It is very possible that the animals are being well treated. I just don't think that one should market the business as being a money making machine.. I would gladly buy the business if I had the space but I don't see that this ad will get the "right" person involved...

Quebec is the capital of puppy mills I believe in Canada...

RtC


----------



## Nancy (Aug 22, 2008)

rtc said:


> Quebec is the capital of puppy mills I believe in Canada...
> 
> RtC


I think you're right and I think they are the capital of uncaring hedgehog breeders as well.


----------



## shaelikestaquitos (Feb 2, 2010)

Hey guys, I live in Montreal.

Puppy mills and other animal mills are a HUGE problem here, there are petitions every summer to stop them... so far with no success.
It also does not help that we have the loosest animal cruelty laws in all of Canada, so a lot of "breeders" get away with a lot.
Arranging a raid would be very difficult here, because the Montreal SPCA has been accused of fraud and other such things. In short, not only are their awful breeders, but there are also awful shelters here too.

I volunteer for a no-kill, nonprofit animal shelter here, and they're in debt because people around here don't care enough to support the independent animal shelters.

I could try arranging something, but I highly doubt it will be of any success.

I was thinking of starting a hedgehog rescue organization here, so if anyone in Montreal is interested, please contact me!


----------



## LizardGirl (Aug 25, 2008)

> Arranging a raid would be very difficult here...

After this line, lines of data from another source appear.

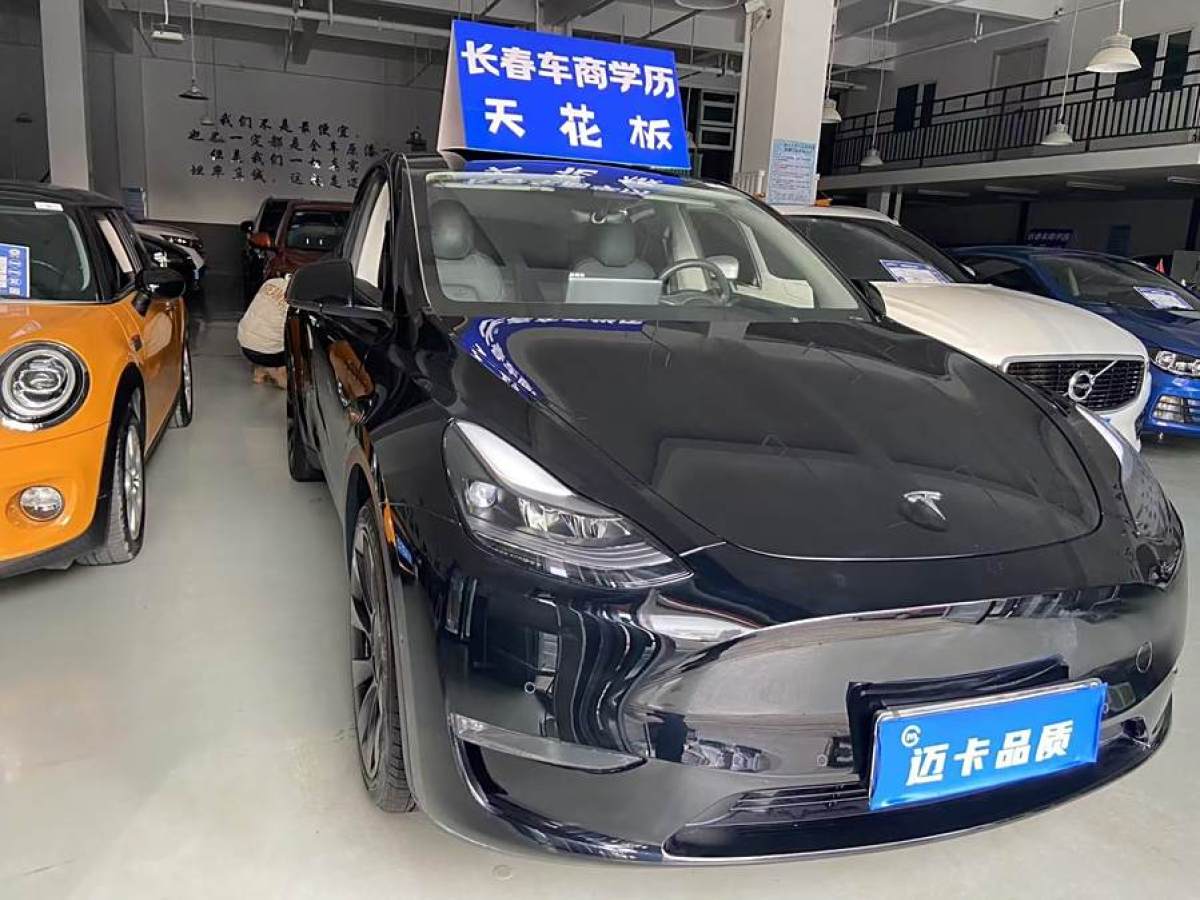 特斯拉 Model Y  2021款 改款二 長(zhǎng)續(xù)航全輪驅(qū)動(dòng)版圖片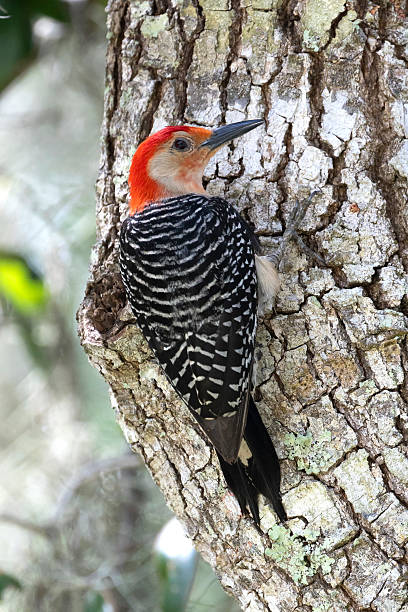 istock Red Bellied Woodpecker 2226018403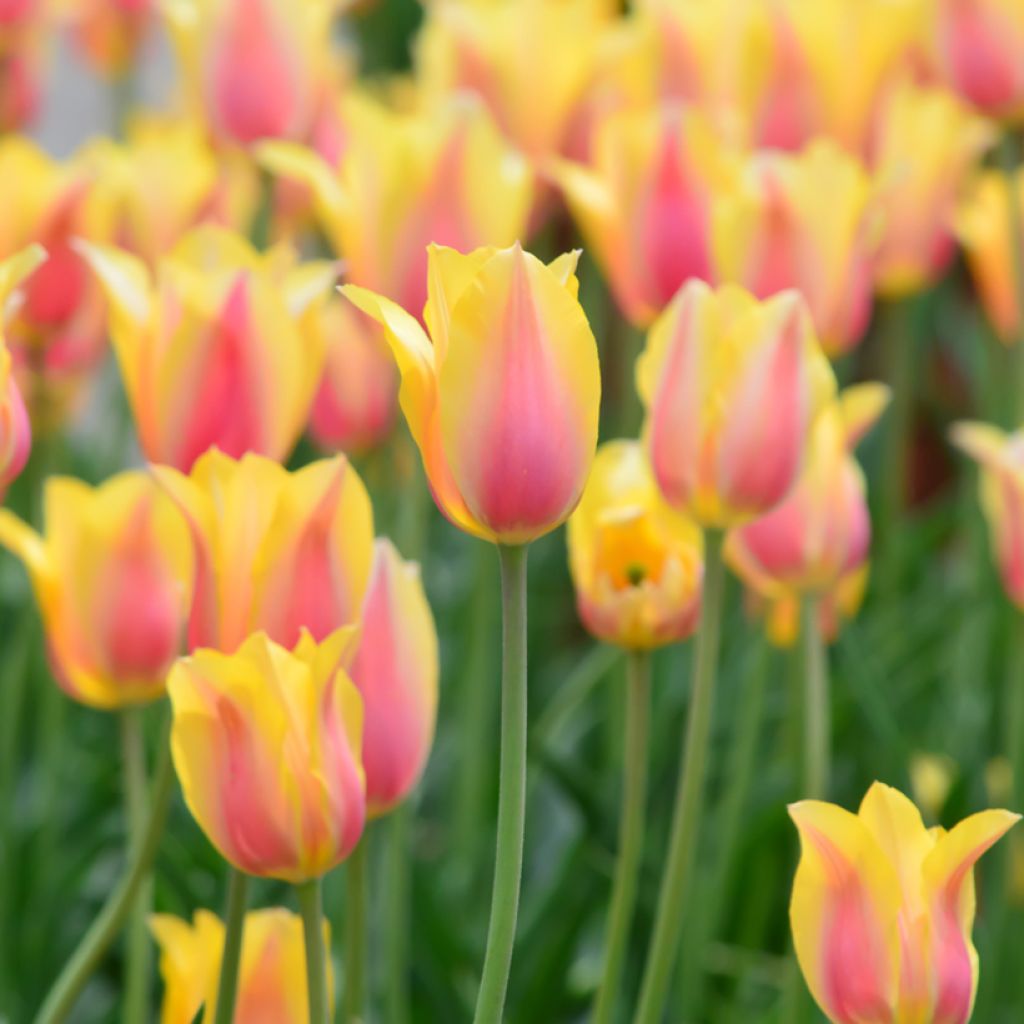 Tulipa Blushing Beauty - Simple late Tulip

I don't think a raid would ever be a good idea. Usually it is animal rights groups who go and do things like that, and end up releasing a bunch of animals into the wild where they can go die a cold miserable death or be eaten by something else. To think that hedgie people (or anyone who supports keeping animals) might be associated with something like that wouldn't look too great, IMO. But I am very against animal rights, I swear I dislike them as much as the people actually abusing animals. Anyone who supports owning hedgies should be for animal welfare and not animal rights.


----------



## Nancy (Aug 22, 2008)

LizardGirl said:


> > Arranging a raid would be very difficult here...
> 
> 
> I don't think a raid would ever be a good idea. Usually it is animal rights groups who go and do things like that, and end up releasing a bunch of animals into the wild where they can go die a cold miserable death or be eaten by something else. To think that hedgie people (or anyone who supports keeping animals) might be associated with something like that wouldn't look too great, IMO. But I am very against animal rights, I swear I dislike them as much as the people actually abusing animals. Anyone who supports owning hedgies should be for animal welfare and not animal rights.


I think in many instances a raid is exactly what is needed. The Global Exotics seizure is a prime example. If animals are being abused or neglected then they need to be gotten out of the situation. It's unfortunate that one fanatical group in particular makes legitimate animal rescue groups look bad but even that fanatical group does do good on occasion, the Global Exotics seizure again is a prime example of a fanatical group exposing severe neglect and cruelty.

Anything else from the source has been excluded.